## Dataset extract
***

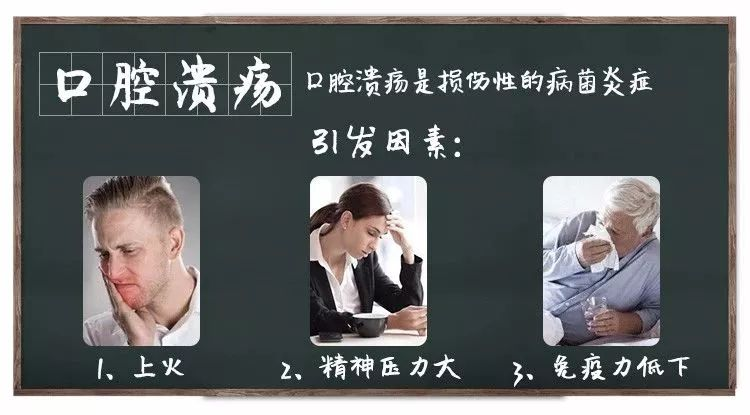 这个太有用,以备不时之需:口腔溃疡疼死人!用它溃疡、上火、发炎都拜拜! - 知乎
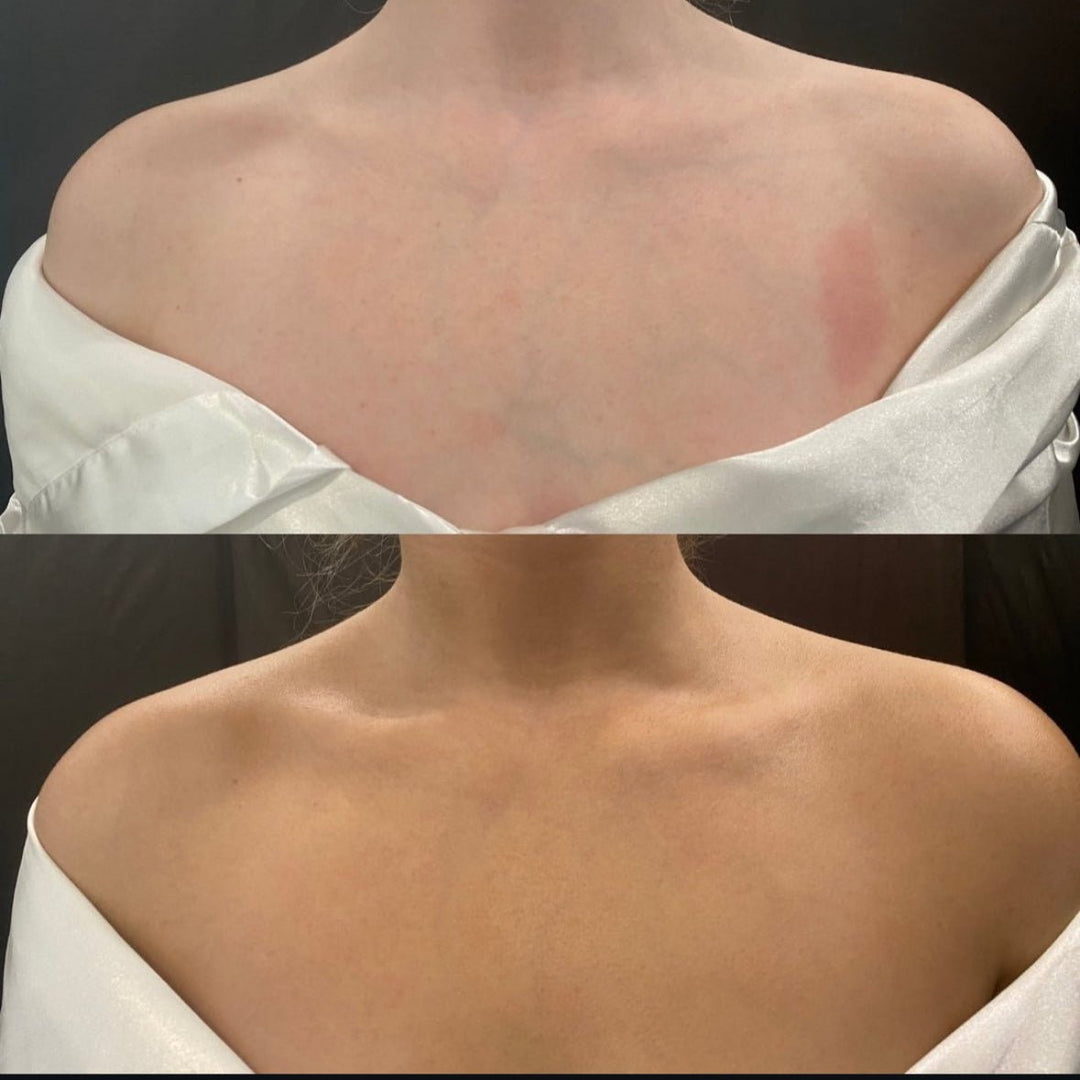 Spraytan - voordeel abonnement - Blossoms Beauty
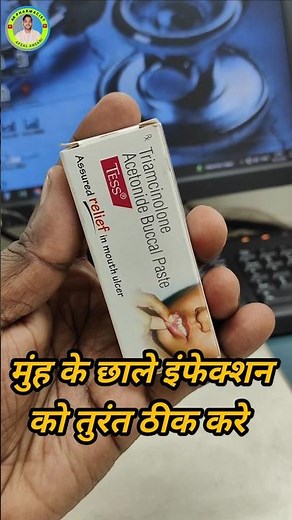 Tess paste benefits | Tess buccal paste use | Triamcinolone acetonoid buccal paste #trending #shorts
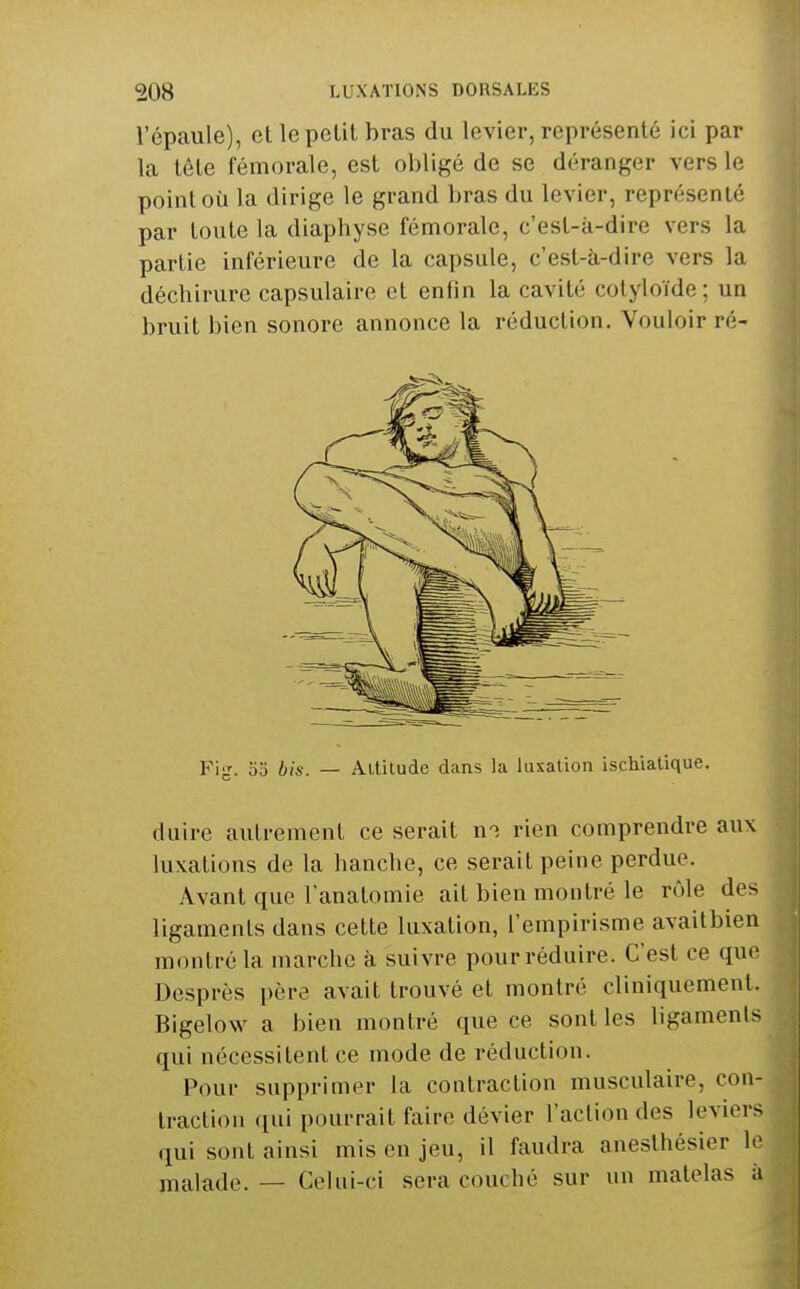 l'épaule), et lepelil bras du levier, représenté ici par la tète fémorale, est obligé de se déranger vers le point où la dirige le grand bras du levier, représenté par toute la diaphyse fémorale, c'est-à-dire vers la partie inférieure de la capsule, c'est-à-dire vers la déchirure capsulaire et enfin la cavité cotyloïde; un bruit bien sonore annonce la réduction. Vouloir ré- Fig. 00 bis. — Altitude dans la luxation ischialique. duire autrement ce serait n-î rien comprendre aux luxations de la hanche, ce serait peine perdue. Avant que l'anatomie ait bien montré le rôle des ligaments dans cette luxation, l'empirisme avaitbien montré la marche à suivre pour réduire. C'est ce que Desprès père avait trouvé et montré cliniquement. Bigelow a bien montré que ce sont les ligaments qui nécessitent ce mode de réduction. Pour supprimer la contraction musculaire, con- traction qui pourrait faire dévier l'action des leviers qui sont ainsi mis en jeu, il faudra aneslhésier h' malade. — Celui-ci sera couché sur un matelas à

***

## Problem description
Restate the data word for word from its first line through the line with "Tess paste benefits", leaving out any picture along the way.

## Solution to this problem
 这个太有用,以备不时之需:口腔溃疡疼死人!用它溃疡、上火、发炎都拜拜! - 知乎
 Spraytan - voordeel abonnement - Blossoms Beauty
 Tess paste benefits | Tess buccal paste use | Triamcinolone acetonoid buccal paste #trending #shorts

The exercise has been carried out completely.